With very little research, I got the Turbo 500 still with the vertical condenser. Gives me very quality product (consistently get 90+% purity).

 

Then I used the Jim Beam wood chips to flavour. Have also bought one of those mini oak barrels that has had a batch in it for around 2 years now (not really sure when I should open it).

 

But what I found out is that the vertical condensers are better suited to your clear spirits as it strips all the flavour from the 'mash'. One of these days I will get the copper pot lid with the 'traditional' condenser. But quite honestly the stuff I'm making at the moment is dam good so not too worried.

 

But yes as others have said, the first couple of batches sucked! Mainly because I was impatient and didn't let the wood chips do their thing.

 

 

 

 

I built my own still a few years back out of an old keg, that puts out about at 94-95%. The spirits are so much smoother than any commercial brands.

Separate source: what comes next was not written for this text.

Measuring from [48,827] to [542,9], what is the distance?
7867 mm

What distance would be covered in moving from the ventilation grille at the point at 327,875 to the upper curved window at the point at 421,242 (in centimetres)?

For clear spirits some of the flavourings available out there are terrific, I'm not a Gin drinker but have many friends who really enjoy the "Gin" I make.

 

I'm lucky as with some minor modifications I can reduce the reflux in my still and effectively turn my still into a pot still which I use mainly for Rum.

 

For Whisky and Bourbon the barrels play a huge part in the flavour and cant really be rushed, 3 - 4 years is pretty standard for them to stay in their barrels. I'm not patient enough to wait that long.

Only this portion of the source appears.